We estimated comorbidity in three ways: 1) presence or absence of any comorbidity, which was further categorised into 2) the number of comorbid conditions (zero, one, two, three, four or more chronic conditions), and 3) the presence of any one of the 15 chronic conditions (hypertension, acid peptic disease, back pain, arthritis, lung disease, visual impairment, auditory impairment, heart disease, stroke, kidney disease, epilepsy, cancer, thyroid disorder, obesity, depression) in our study in one individual patient. Healthcare utilisation was operationalized as the reported number of visits to any healthcare facility in the last six months for any reason. Out-of-pocket expenditure was measured in Indian Rupees (INR) by asking about expenses incurred in the last six months separately for outpatient consultation fees, medicines (for DM and other diseases separately), travelling to those healthcare facilities, and diagnostic tests (for DM and other diseases separately). Total out-of-pocket expenditure was defined as the sum of these costs.
To estimate the healthcare utilization, due to the skewed natured of the data, median (interquartile ranges) number of visits done by the patient to any healthcare facility during last six months were calculated.
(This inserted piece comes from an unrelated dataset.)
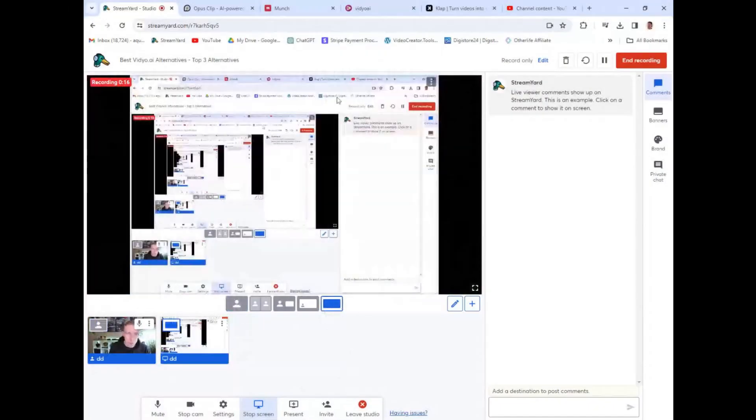Hey there, guys. In today's video, I want to talk about the best alternatives to using video.ai. Video.ai is an awesome tool, but maybe you're looking for an alternative. I have the top three best ones to use, and we're going to get right into it.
Healthcare utilization and out-of-pocket expenditure were further described across the number of comorbid conditions and the prevalence of leading comorbidities. Bivariate comparison was performed using a Kruskal Wallis test for quantitative data (on the basis of median values) and a chi-square test for categorical data. Furthermore, we calculated the median and interquartile ranges of out-of-pocket expenditure by comorbidity status (Yes/No). The difference in mean out-of-pocket expenditure and healthcare utilization across the comorbidity groups was tested using Wilcoxson signed rank test.
Poisson regression model in multilevel mixed effects methods was used with two levels (health center and patient) for multivariate analysis to assess the independent contribution of comorbidity on healthcare utilization and out-of-pocket expenditure. The collinearity between the variables was tested before including them in multivariate analysis. Adjusted incidence rate ratio was calculated for each predictor for estimating health care utilization and expenditure. A p-value of <0.05 was considered statistically significant. Analyses were performed in STATA Corp-12 Tx.